To gain a more complete picture of the innate signature in autoimmune diseases, we report also the differential profile of the innate signature in studied diseases compared to healthy controls. This comparison revealed the upregulation of four members of TLR (TLR2, TLR3, TLR5, and TLR8) and six members of the IL1/IL1R family (IL1B, IL1RN, IL1RAP, IL18R1, IL18, and SIGIRR) in RA when compared to healthy controls. In line with our results, deregulation of these genes or their protein products was already registered in RA [16, 30, 32, 39–44]. In SLE, this study showed for the first time downregulation of TLR10, a broad negative regulator of TLR signaling [45, 46]. The first evidence about the possible involvement of TLR10 in autoimmunity has been already observed: downregulated TLR10 expression was reported in PBMC of patients with microscopic polyangiitis [47] as well as RA patients with active disease [16]. In contrast to the murine models of SLE [48], we did not observe increased TLR7 and TLR9 expression in our SLE patients. In SSc, our study revealed upregulation of IL1RN, IL18, and CXCL8 and downregulation of IL1RAP and IL18R1. In line with our results, upregulated IL1RN mRNA [49], increased IL18 expression in skin biopsies [50], and elevated serum IL8 in patients with scleroderma [51] were reported. Here, we report for the first time downregulation of IL1RAP and IL18R1 in SSc. IL1RAP (IL1R3) is a coreceptor of IL1R1 and is indispensable for the transmission of IL1 signaling [35]. Regarding IL18R1, it encodes the α subunit of the IL18 receptor responsible for IL18 binding. The activated receptor then initiates the same signaling pathway as IL1 to activate NF-κB [52]. How these proteins contribute to the SSc pathogenesis deserves future investigations.
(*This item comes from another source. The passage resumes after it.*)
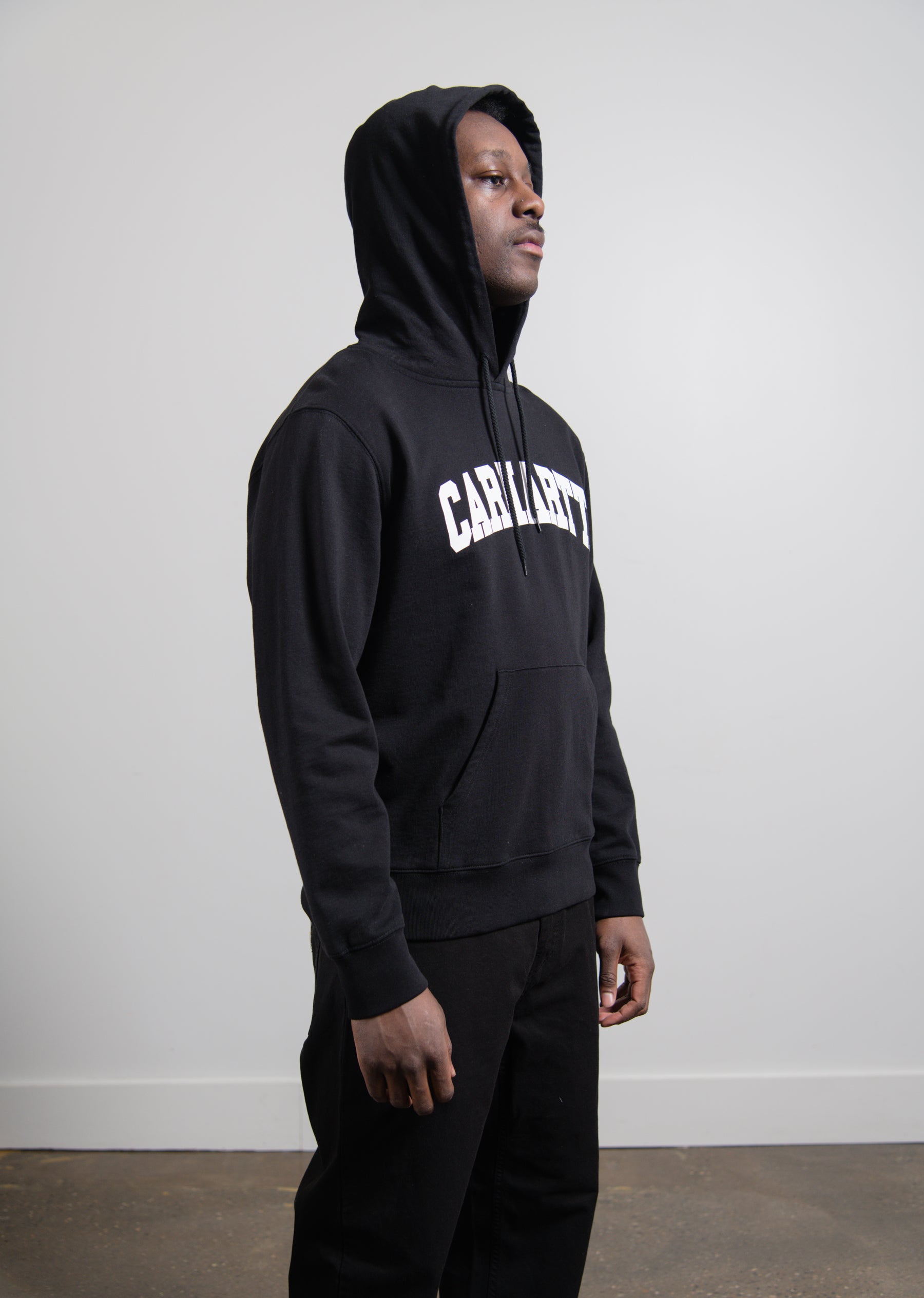 University Hoodie Black/White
The authors are aware of some limitations. The study was performed as a cross-sectional analysis in a real-world setting of patients in different stages of the disease; however, the authors restricted analysis only to patients in the active disease stage in order to obtain a more homogenous cohort. Due to the small number of patients in the subgroups with particular gene patterns revealed by association analysis, the subanalysis of their association with clinical parameters was not performed. Future studies on larger cohorts with well-defined patients would be advisable to further confirm our results.

5. Conclusions

To conclude, this first cross-disease study highlighted the heterogeneous nature among and within RA, SLE, and SSc, with the identification of RA having the highest diversity and abundance in the innate signature when compared to SLE and SSc. Moreover, the results from applied data mining approaches show the importance of a multiple multivariate analysis for better understanding of relationships between individual molecules, especially in highly heterogeneous diseases.